Awakening the Value of Audience
Audience addressability has always been central to how publishers demonstrate their value to ad buyers and, as a result, it’s critical to how they protect their revenue streams. However, there are dramatic changes currently taking place within the publishing industry and beyond, which challenge the established foundations of online advertising.
These changes are being fuelled by a combination of evolving technologies and growing restrictions set by both governments and regulatory bodies, as well device and browser makers. Europe’s General Data Protection Regulation (GDPR) has redefined what is permissible for data-driven targeting and how publishers are able to collect that data, for example.
This situation is compounded by the fact that the industry is being forced, due to ongoing restrictions across browsers, to move away from what has been the mainstay of user tracking, as well as critical processes like targeting and measurement, within the digital ad ecosystem – the third-party cookie.

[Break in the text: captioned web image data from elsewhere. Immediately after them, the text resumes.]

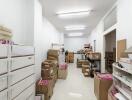 A storage room filled with boxes and shelves.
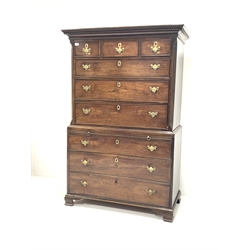 George III mahogany chest on chest, the upper section with dentil cornice and canted corners fitted with three long and three short drawers, three long drawers and brushing slide under on bracket feet W114cm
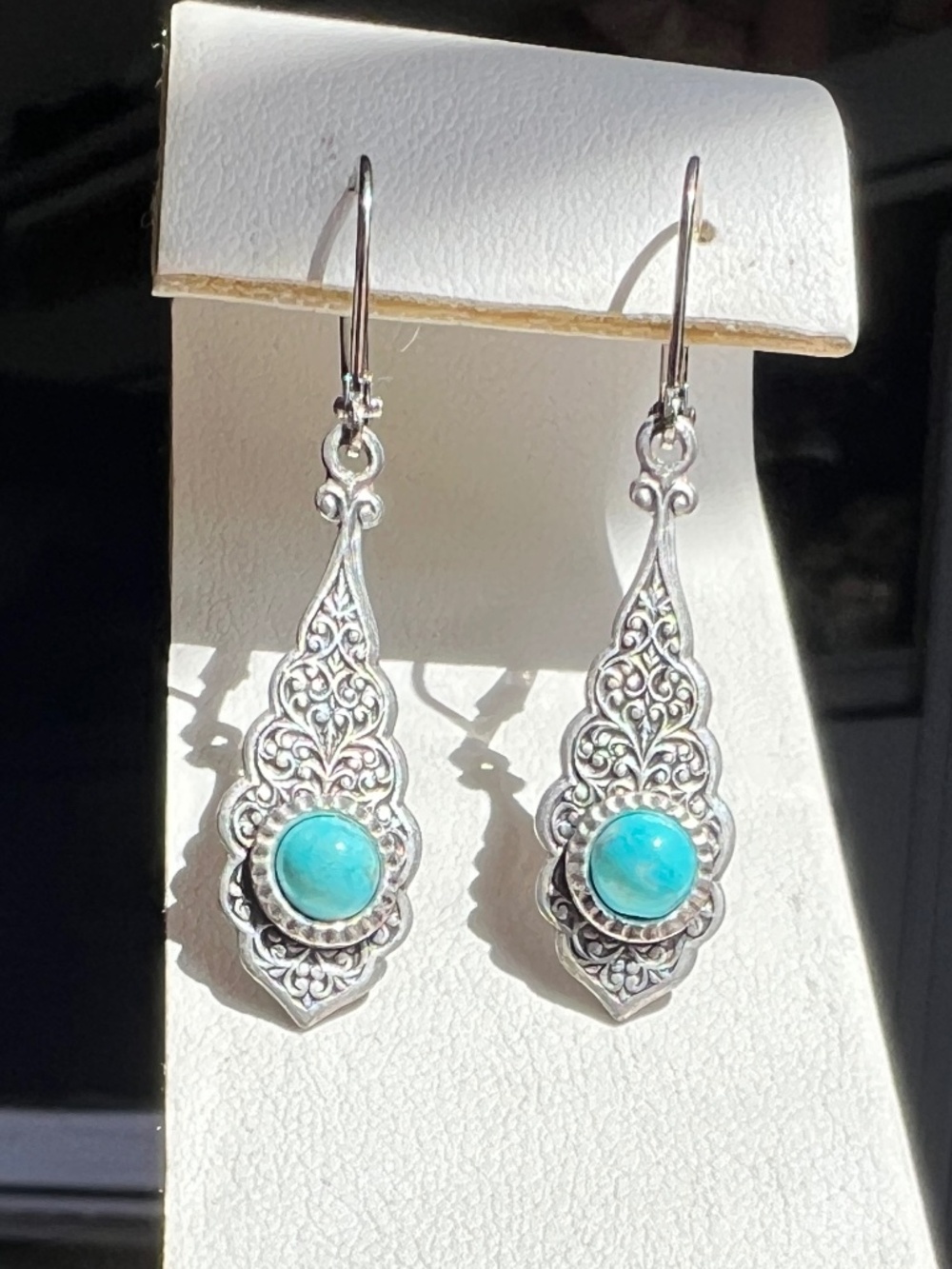 Turquoise Drop Antique Sterling Silver Earrings Hanging Baked Beads New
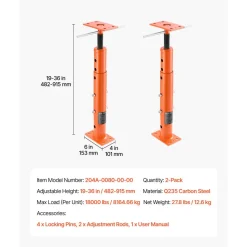 VEVOR House Floor Jacks, 2 Pack 19-36 Inch Height Range, 18000 lbs Max Load Capacity, Adjustable Support Beam Basement Jack Post Pole for Leveling, Lift Steel Telescoping Post for Temporary Support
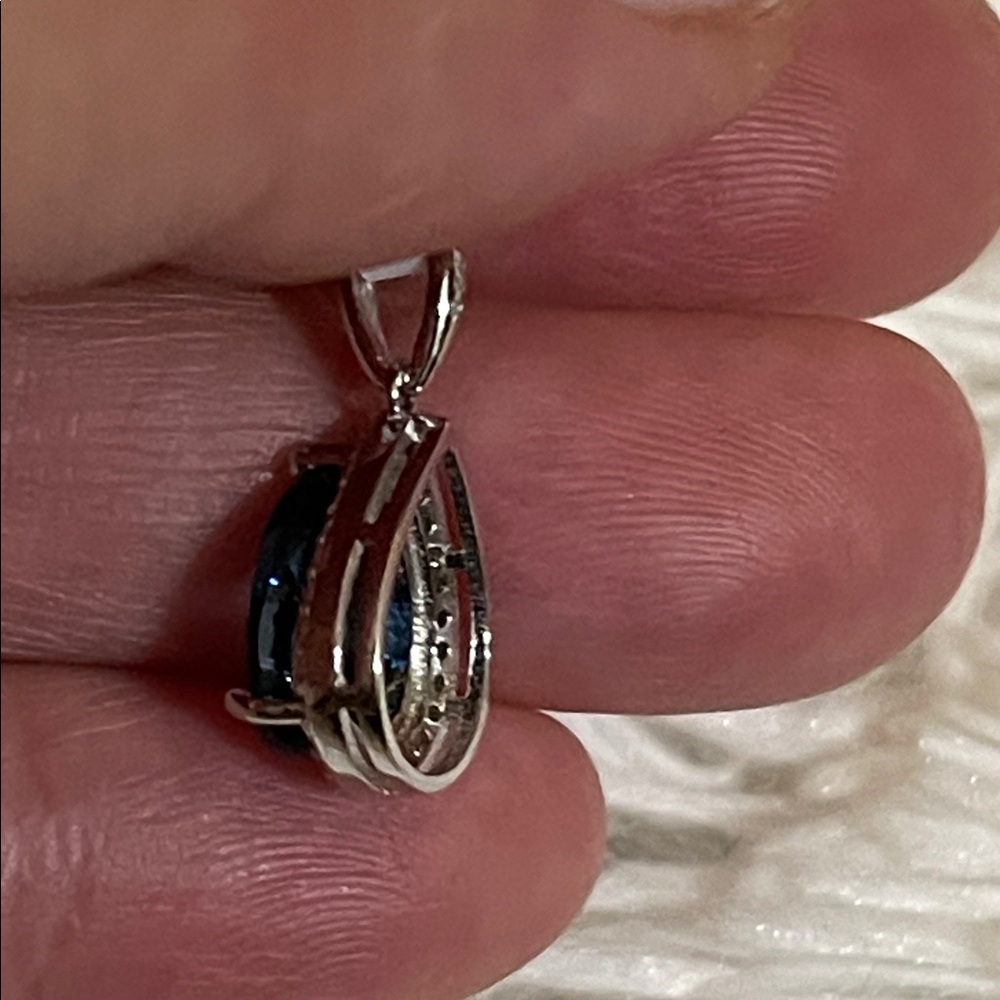 NWT Natural London Blue Topaz Teardrop 10X8mm  Pendant with CZ Accents - Picture 7 of 9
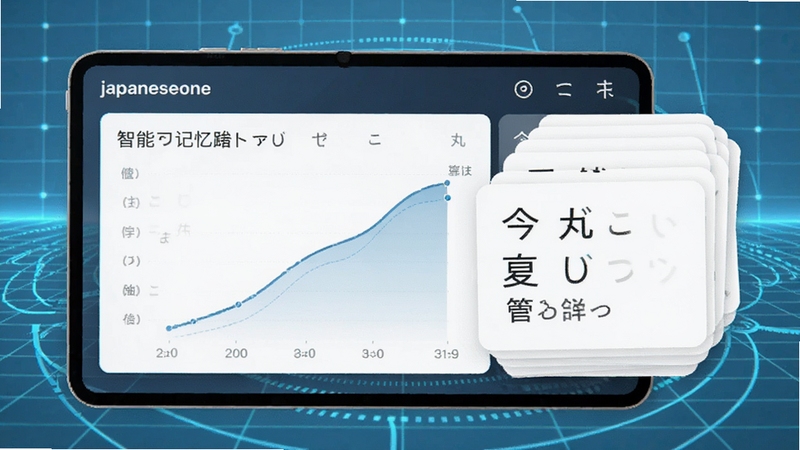 日语丸(japaneseone)智能复习算法界面展示,屏幕显示单词记忆曲线图表与今日待复习卡片堆叠效果,背景有浅蓝色科技感网格,卡片上标注假名与中文释义,画面简洁突出数据可视化,适合软件功能介绍配图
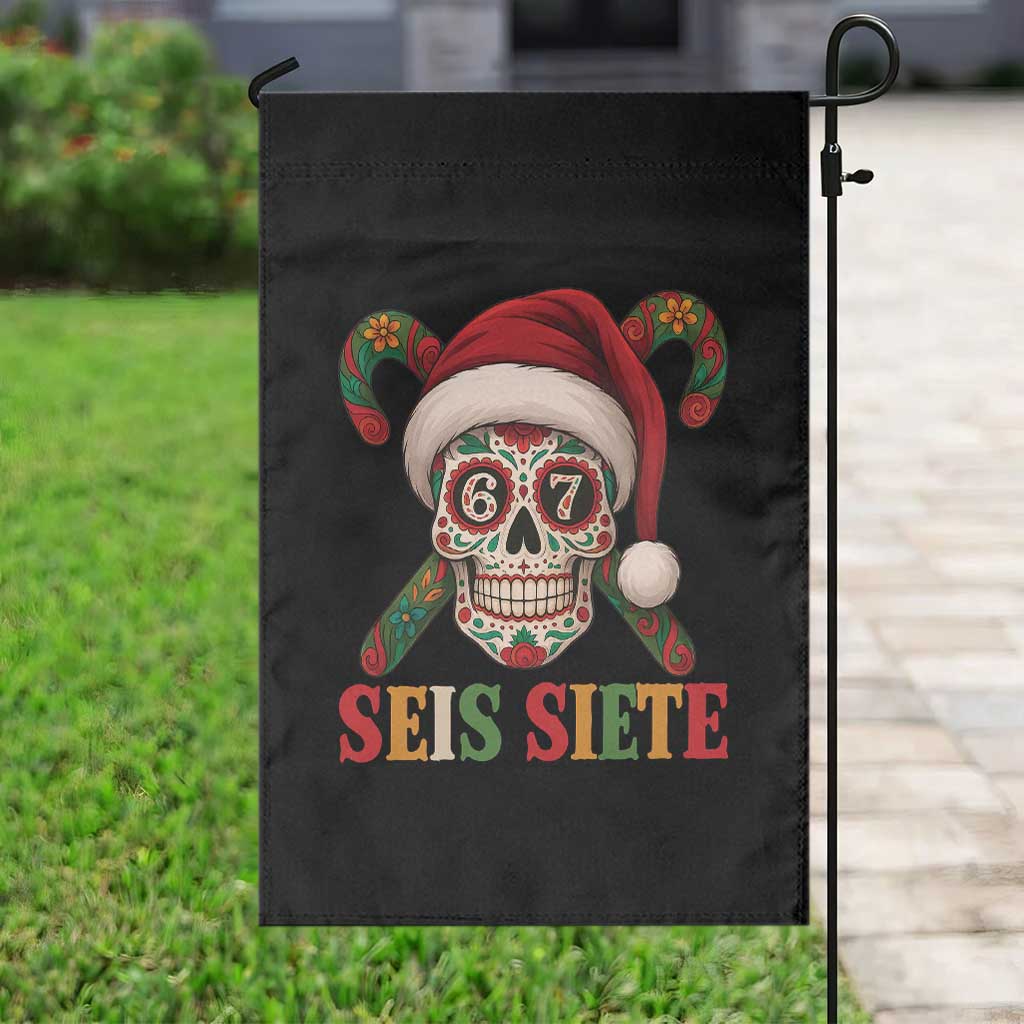 Seis Siete Christmas Meme Garden Flag Sugar Skull 67 Santa Hat Candy Canes TS02 Print Your Wear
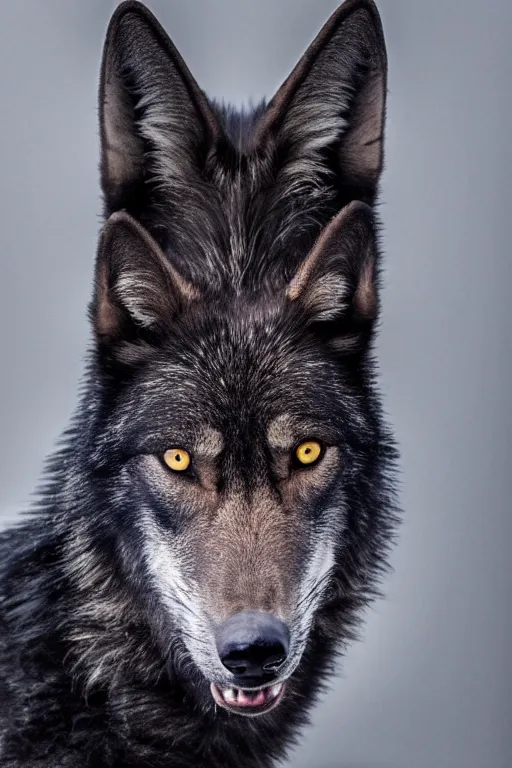 Prompt: a black wolf sitting alone with white eyes, studio lighting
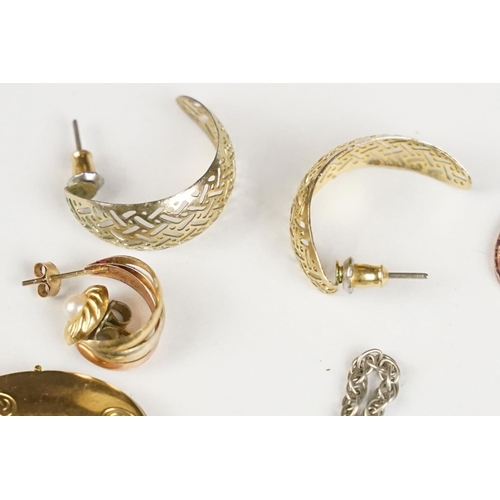 349 - Jewellery including Gold Earrings, Silver Gilt Heart Bracelet, etc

On top of this, Apple’s announcement that apps on devices with iOS 14 will have to get explicit user consent in order to use its Identifier For Advertisers (IDFA) beginning early 2021, has some believing that all mobile advertising IDs (MAID) may be heading in the same direction.
It is vital that marketers and advertisers still maintain data-driven activation with publishers to drive meaningful consumer journeys, to ensure that readers still benefit from a customised ad experience. While the continued deprecation of third-party cookies and increasing restrictions to mobile ad IDs could be seen as an insurmountable obstacle, in reality it's an opportunity to build deeper relationships with individuals cantered on trust.
Ad buyers want – indeed need – to target consumers based on known attributes, supplied actively and with permission. Not data that has been gleaned from inferred fragments. The good news for publishers is that marketers and advertisers are often willing to pay a premium to reach that real, known person – we just need to look at the current situation where addressable inventory on Chrome sells at a much higher rate than unaddressable inventory across Safari and Firefox.
However, they need to look closely at how they unlock the value of their audiences to get the data they need. By acquiring and utilising first-party audience data, publishers can open up the opportunity for enhanced people-based marketing, which will ultimately bring them closer to their advertisers.
Publishers have a range of different communication tools and engagement models, including newsletters, social log-ins, premium subscriptions or offerings, content walls, and gated services. In fact, many publishers have been successfully building known-audience bases through their subscription models for years.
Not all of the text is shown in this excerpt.